## WHAT IS EXPECTED
Repeat, word for word and with nothing added, each line from the one containing "Why Custom Screen" to the final line of the data, keeping both ends. Pictures are not part of the copy.

## DATA PROVIDED
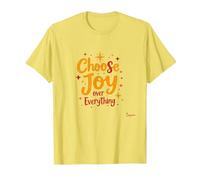 Citation inspirante de positivité « Choose Joy Over Everything » T-Shirt, Homme, Citron, 3XL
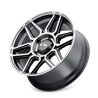 ION | 146 17x9.0 ET0 - Matte Black Machined With Dark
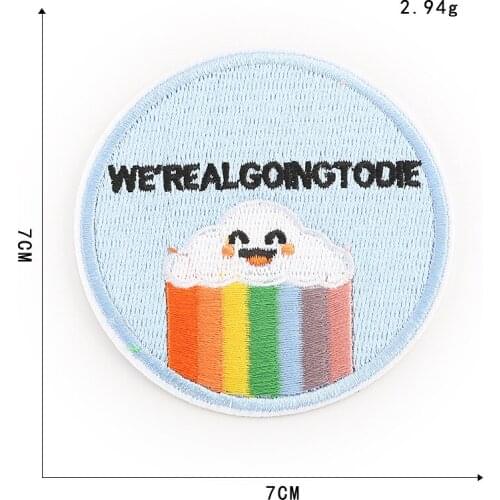 Cute Paysage Roundness Famous Painting Iron On Patches For Clothing Badge Shirt Shorts Fashion Logo Embroidery Accessories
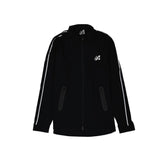 Black Elastane Shell Jacket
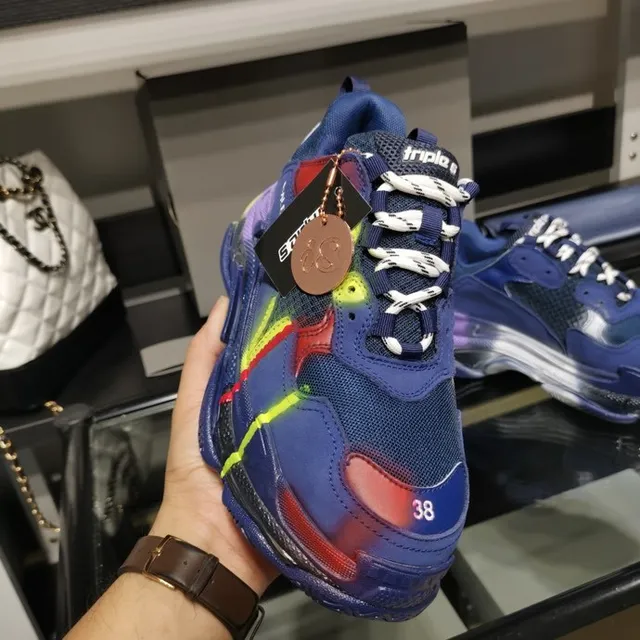 Balenciaga Triple S Multicolor Graffiti Chunky Sneakers 8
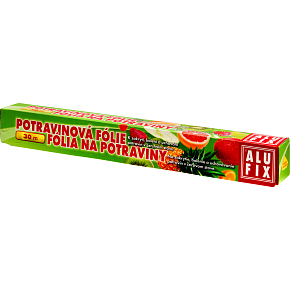 Alufix Lebensmittelfolie in der Verpackung, 30 Meter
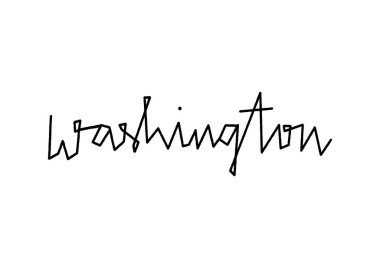Beyaz arka planda Washington el yazısı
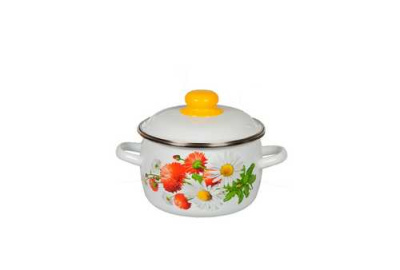 Кастрюля 2л. сфер. Маргаритки глуб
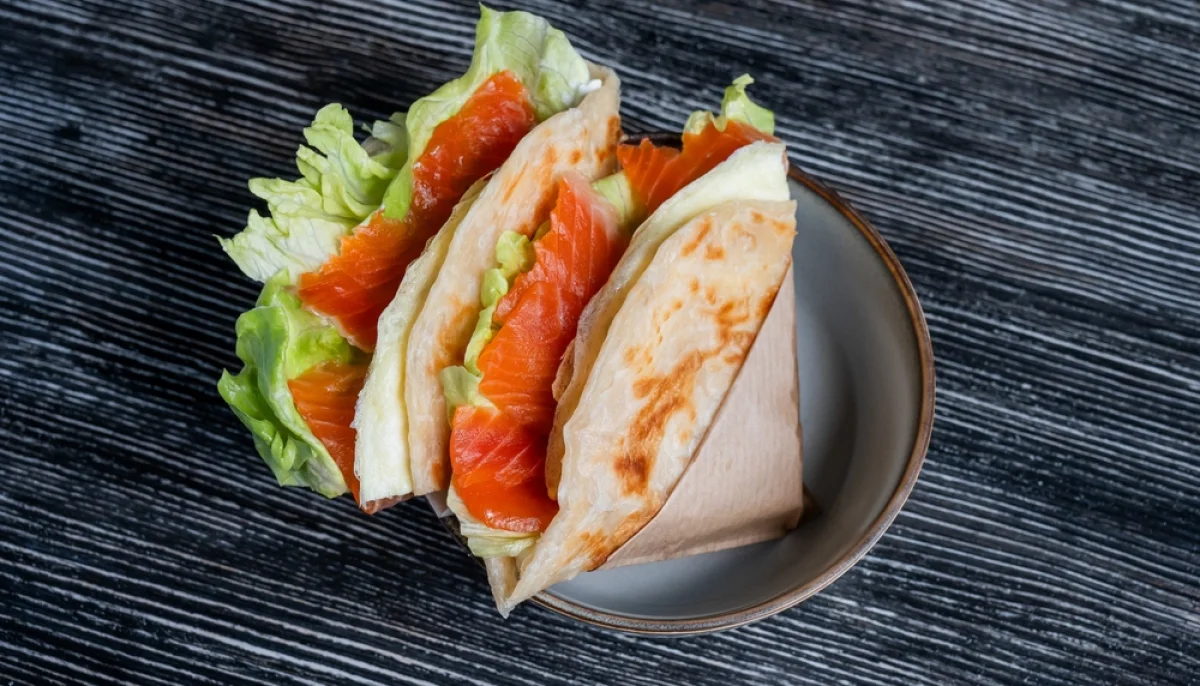 🥙Pain plat au saumon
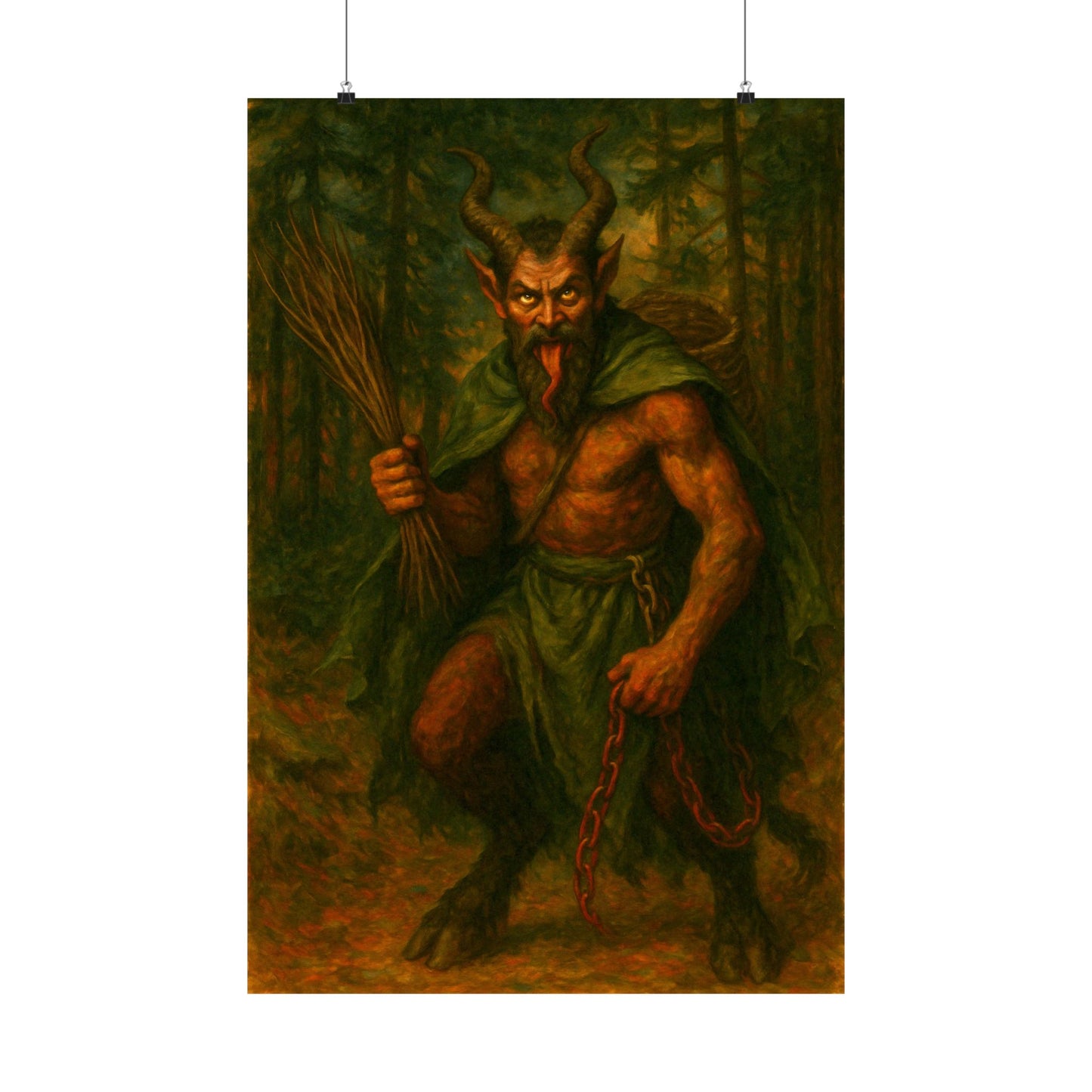 Krampus Art Print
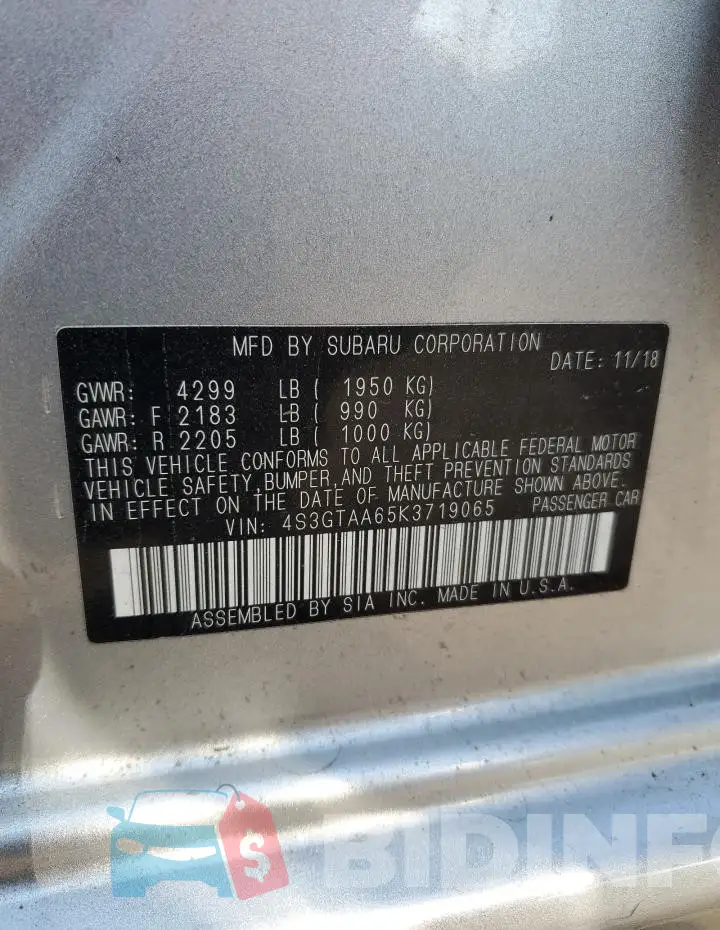 4S3GTAA65K3719065 Photo# 12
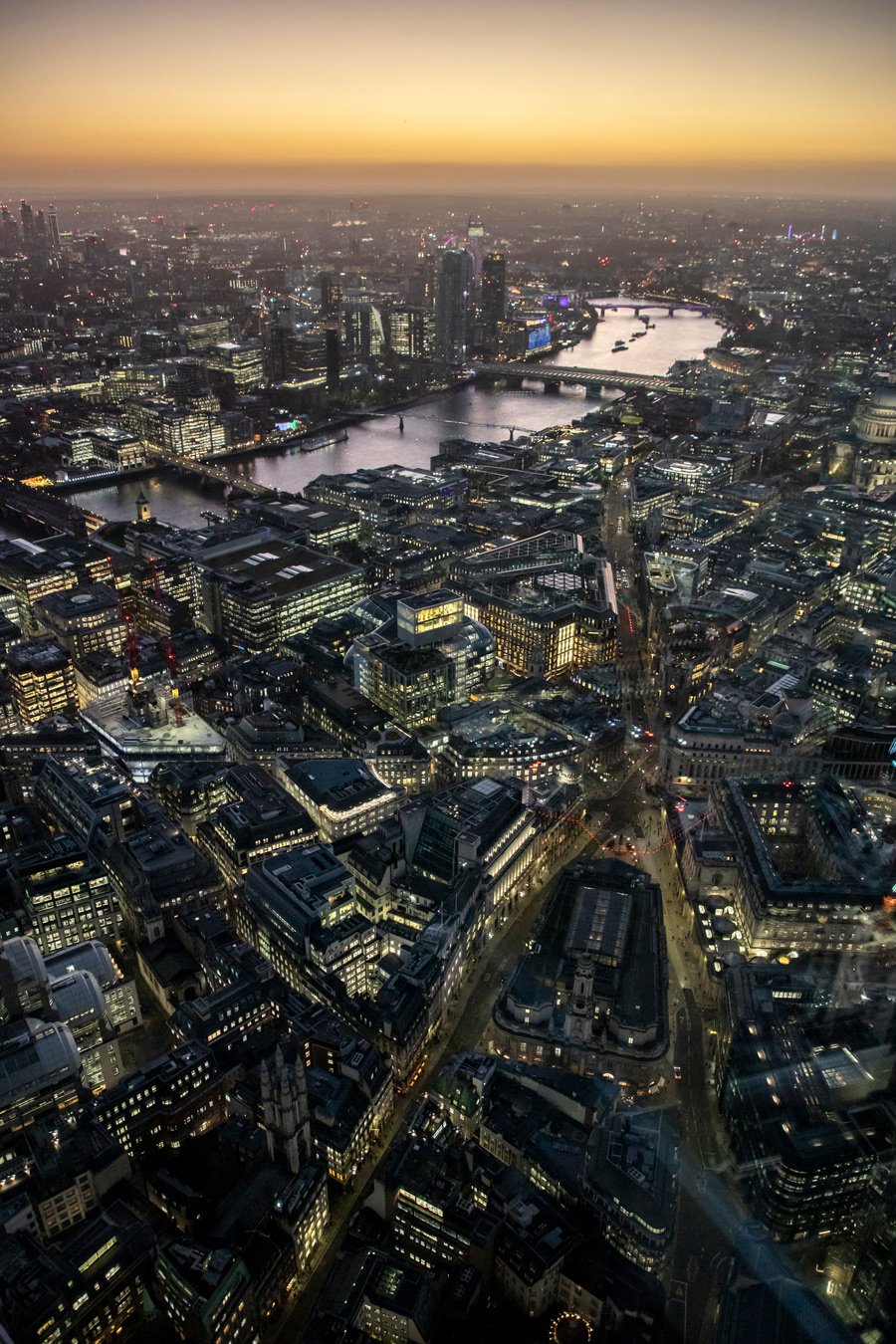 A photo taken from Sky Garden, taken on a DSLR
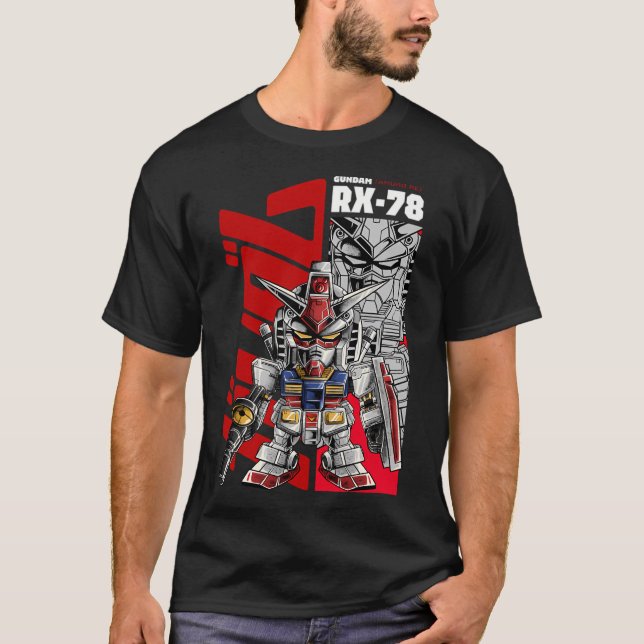 Rx78 Gundam T Shirt (Framsida)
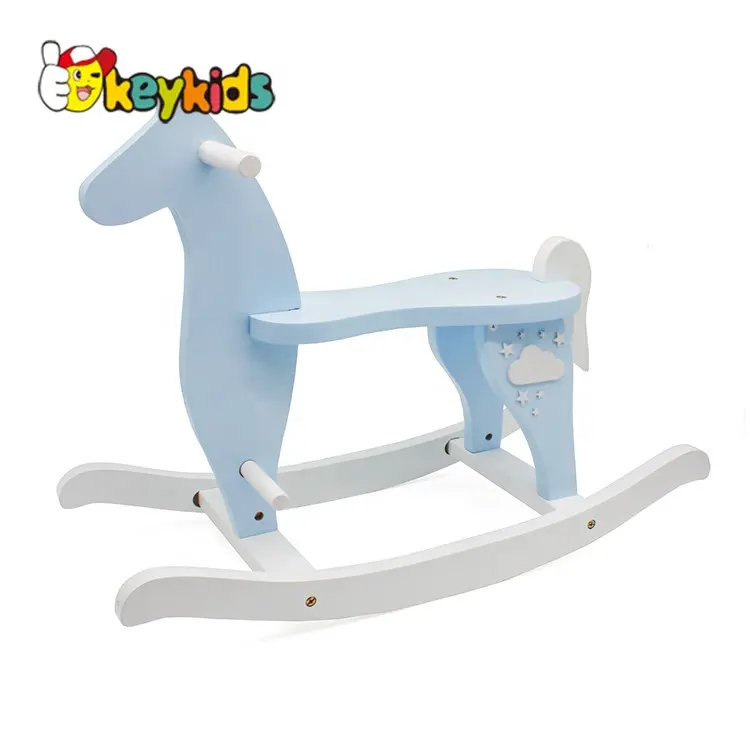 2019 Top sale kids lovely wooden rocking horse toy for wholesale W16D118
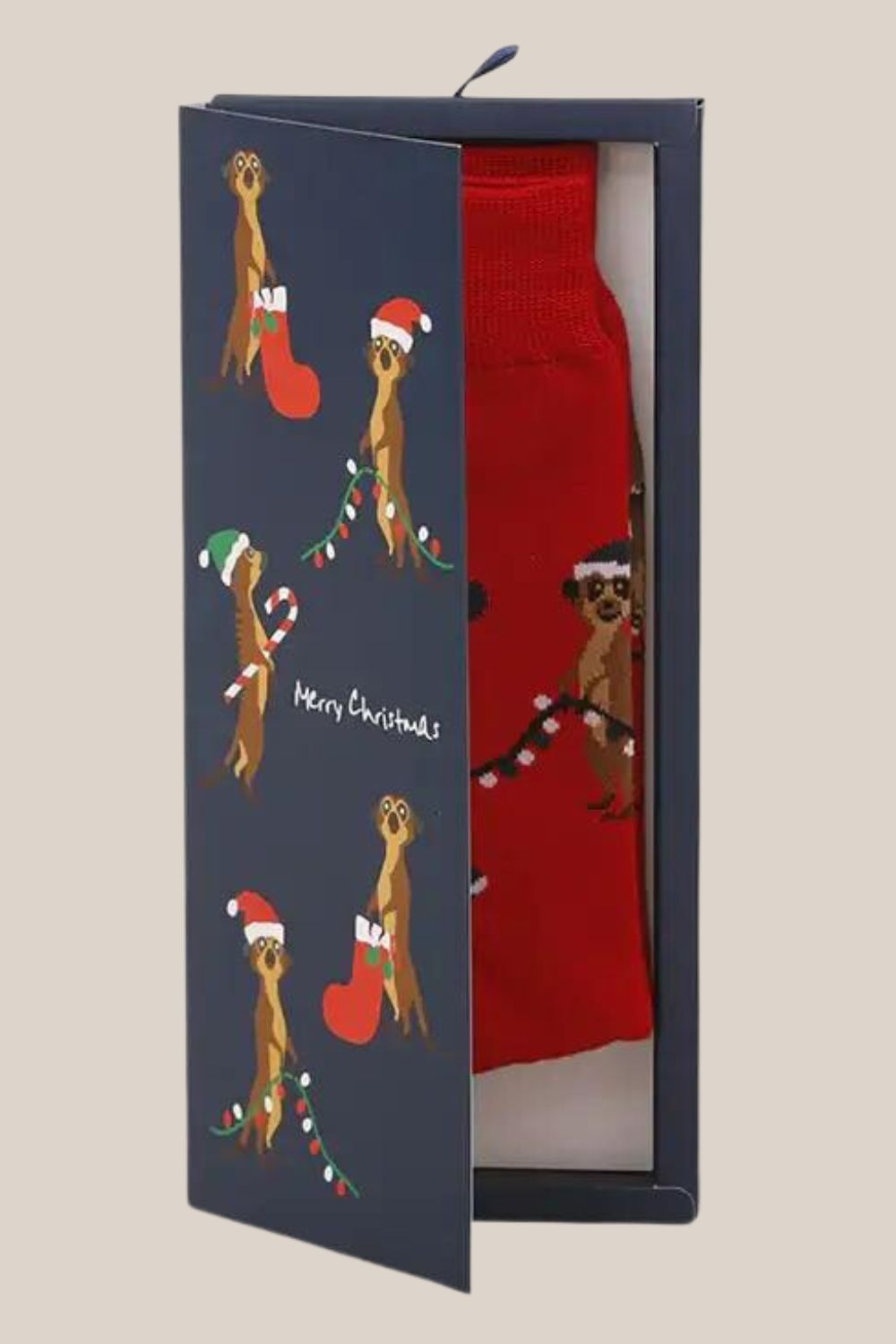 Bamboozld Meerkat Sock Card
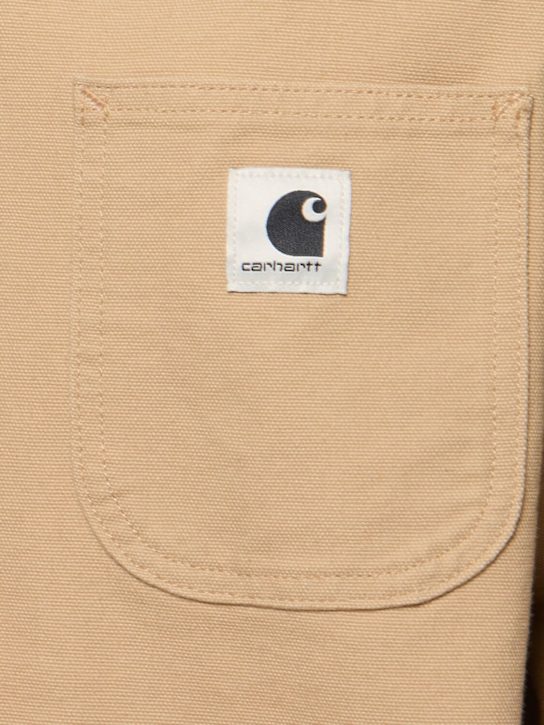 Carhartt WIP: Giacca workwear Michigan in cotone organico - women_5 | Luisa Via Roma
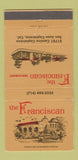 Matchbook Cover - Franciscan Restaurant San Juan Capistrano CA 30 Strike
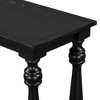 U_STYLE Vintage Wood Grain Console Table with Bottom Shelf and Four Vase Legs, Suitable for Entryway - 3 of 4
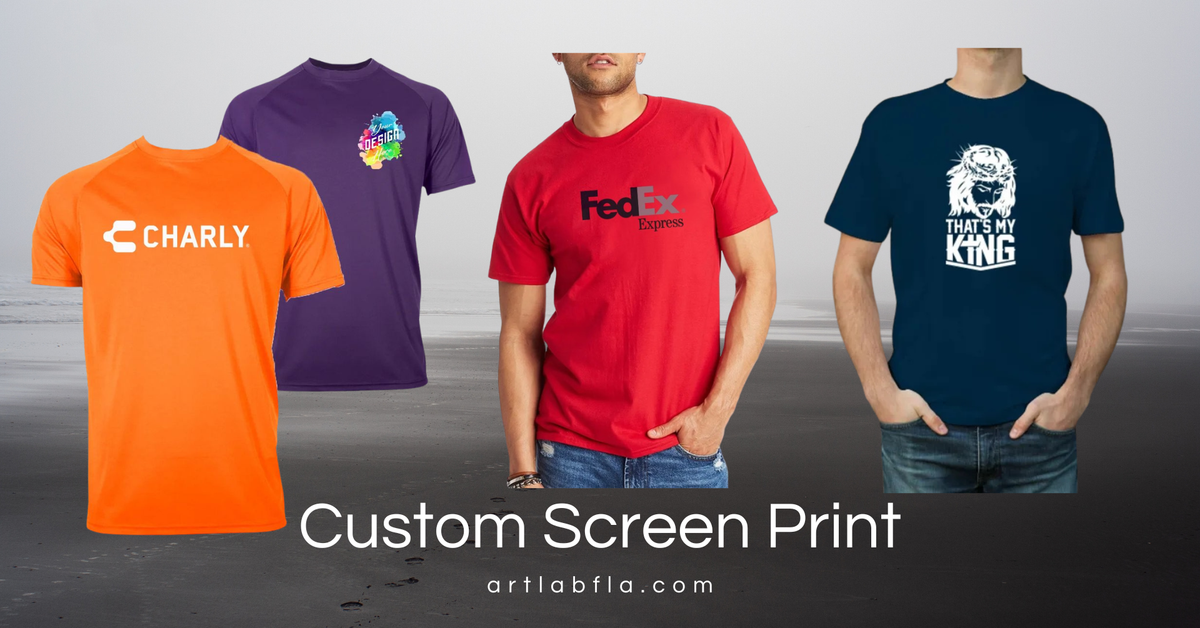 Why Custom Screen Printing Is a Smart Choice for Your Brand? – ArtLab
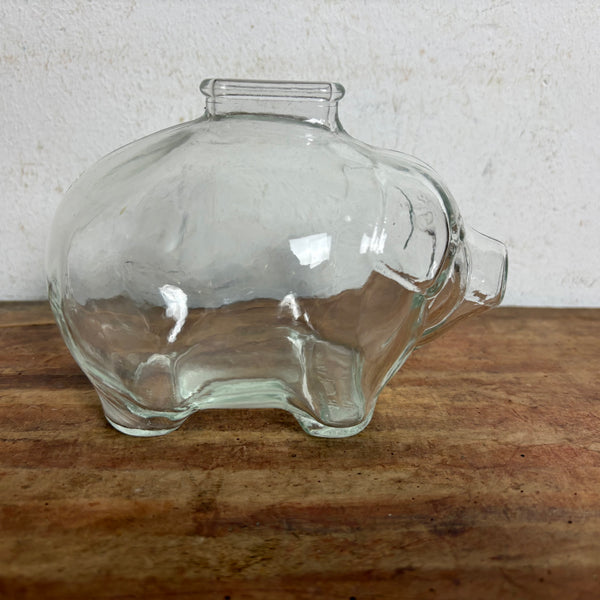 Vintage Glas Sparschwein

## RESULT OF THE TASK
 Why Custom Screen Printing Is a Smart Choice for Your Brand? – ArtLab
 Vintage Glas Sparschwein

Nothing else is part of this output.